What the administrative state giveth, the administrative state may taketh away, particularly when control of the US presidency shifts parties. Incoming presidents routinely seek to repeal regulations implemented by their predecessors and withdraw others still in the pipeline. But, as Bethany Davis Noll and Richard Revesz document in a forthcoming article, the Trump administration has gone beyond the typical playbook “to reach a far greater proportion of regulations finalized during Obama’s presidency than would have been possible under prior practices.”
The new, hyper-vigorous approach to regulatory rollback, they say, is almost certain to be emulated by future presidents, and thus signifies “an enduring transformation in presidential strategies” and “a reconceptualization of Executive Branch power.”
Revesz, who is dean emeritus and the Lawrence King Professor of Law, is a leading administrative law expert. He also directs the Law School’s Institute for Policy Integrity, which engages in research and advocacy on regulatory policy.

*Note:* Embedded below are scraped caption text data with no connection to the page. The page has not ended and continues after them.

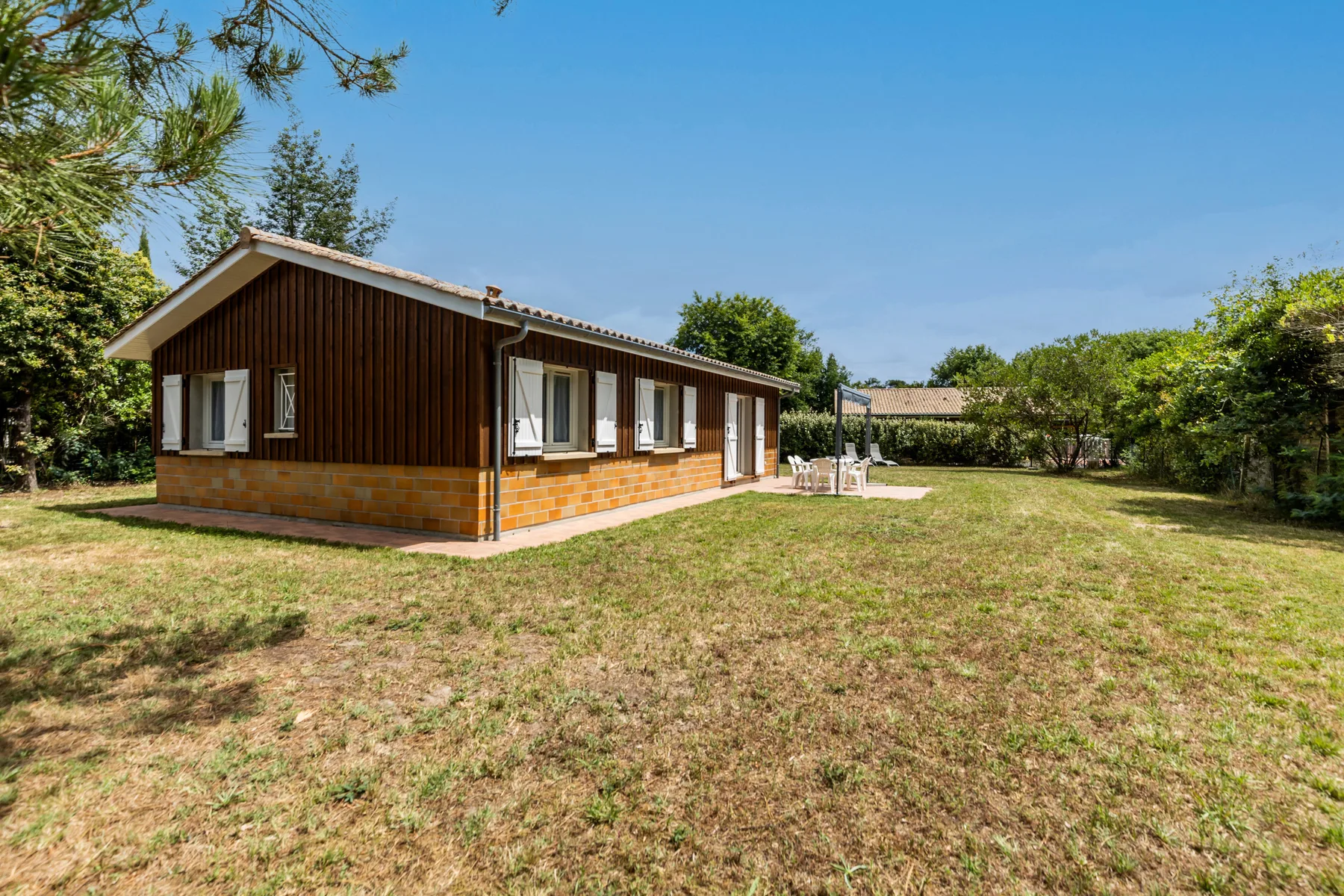 A single-story house stands beside a broad grassy yard under a clear sky.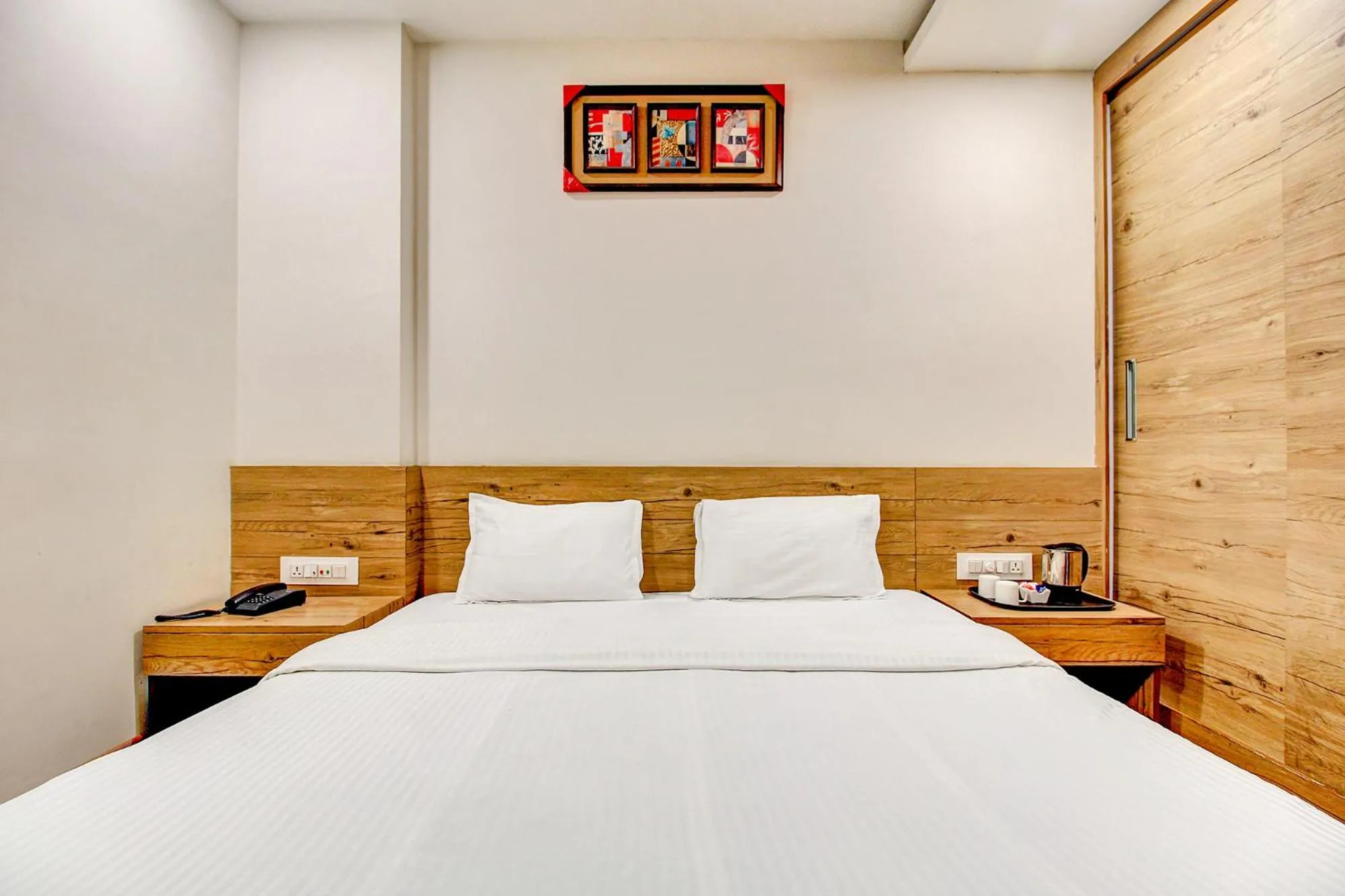 Bed in FabHotel Prime Manjeet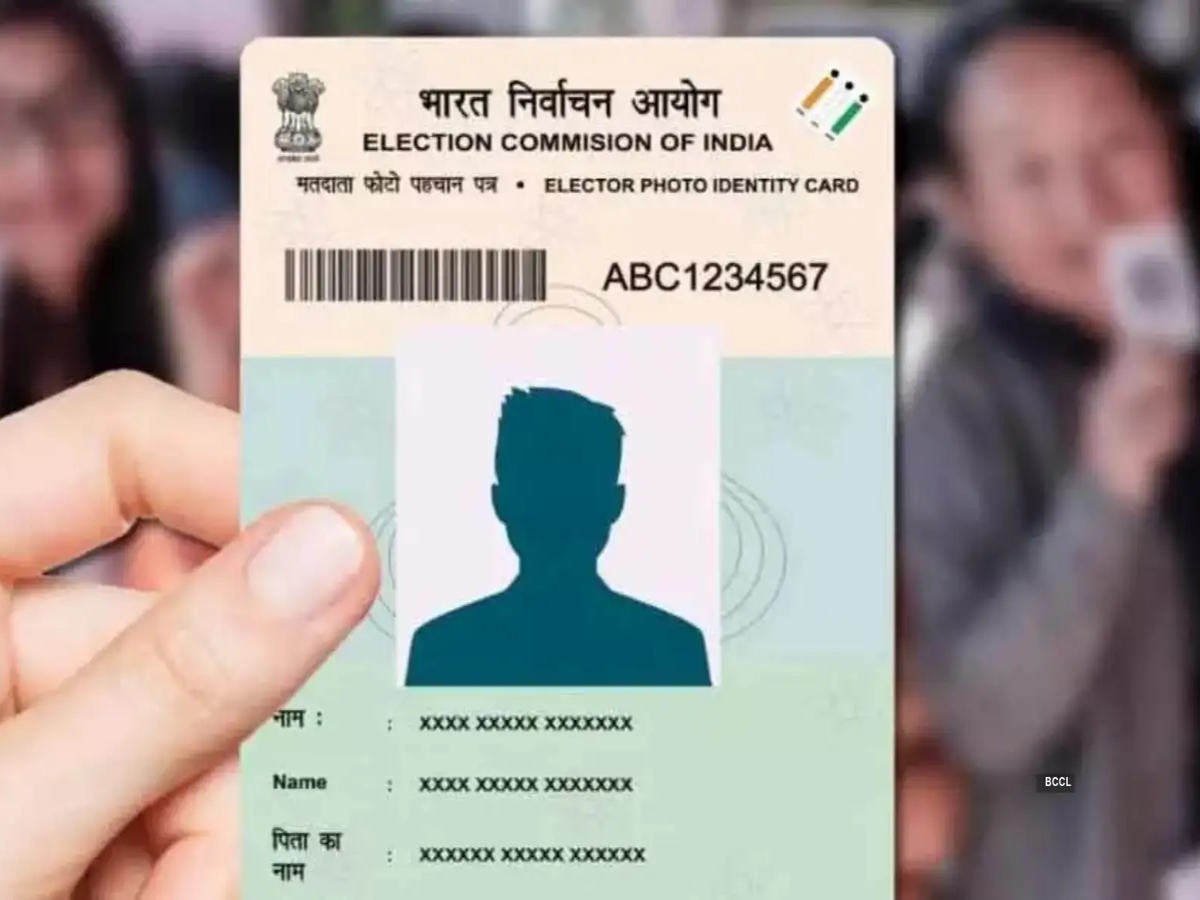 Person accessing ECI website on laptop for Voter ID cancellation process in 2025.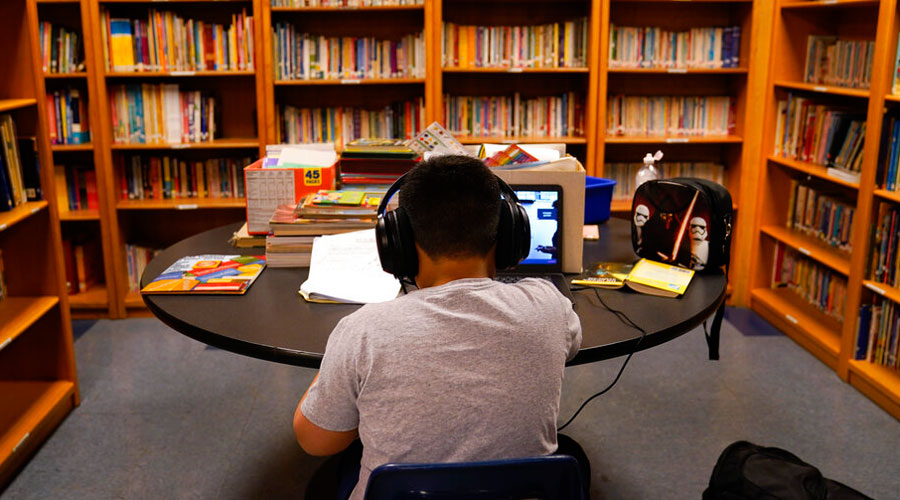 A Los Angeles Unified School District student attends an online class at Boys & Girls Club of Hollywood in Los Angeles, Wednesday, August 26, 2020.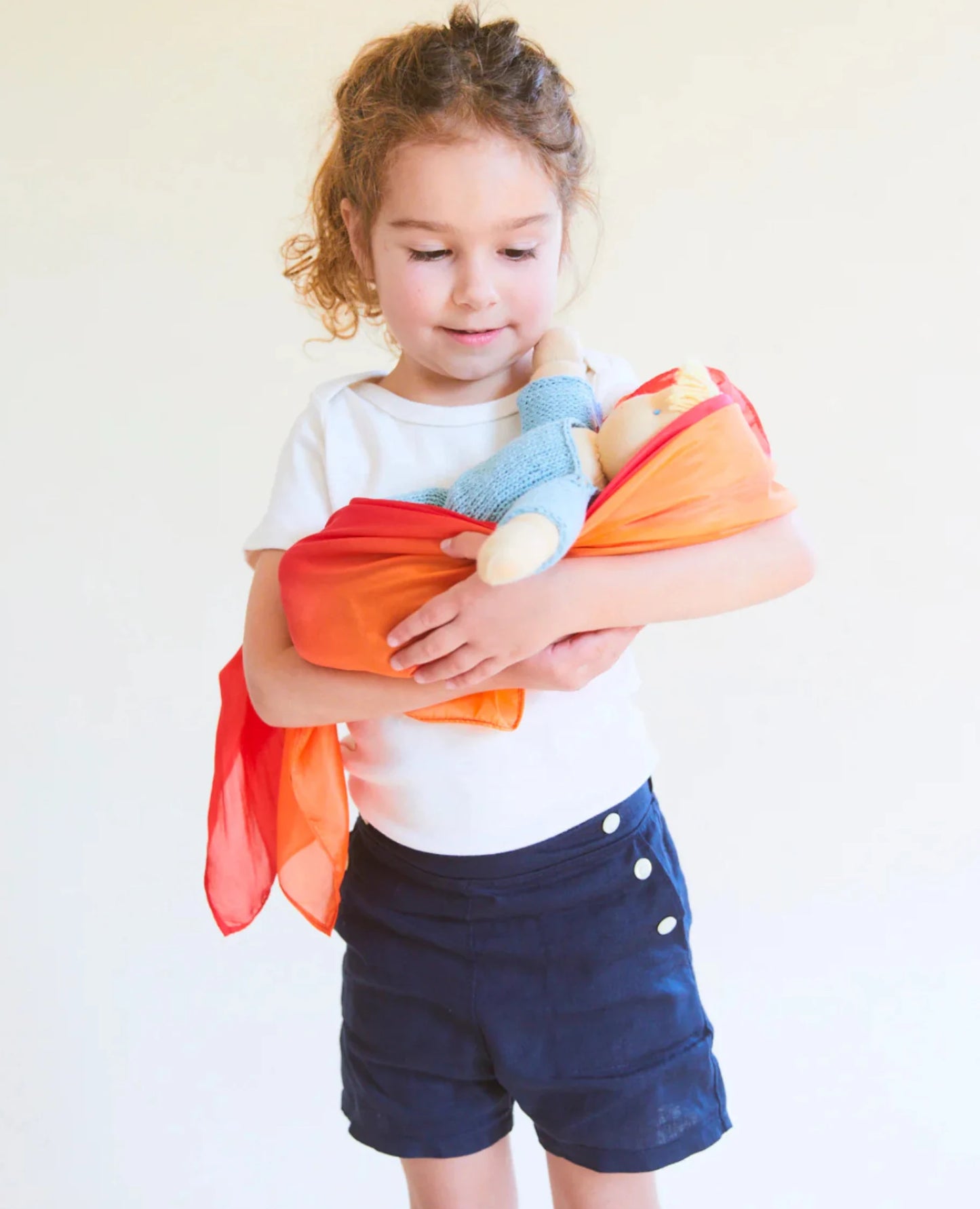 Girl using fire enchanted playsilk to wrap her baby doll in her arms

Davis Noll, who is Policy Integrity’s litigation director, was an assistant solicitor general in the New York State Office of the Attorney General.
In “Regulation in Transition,” to be published in December in the Minnesota Law Review, Davis Noll and Revesz say the “highly aggressive” strategies employed by the Trump administration have garnered little attention and that “their broader impact has gone largely overlooked, not just by the public, but also by legal scholars.”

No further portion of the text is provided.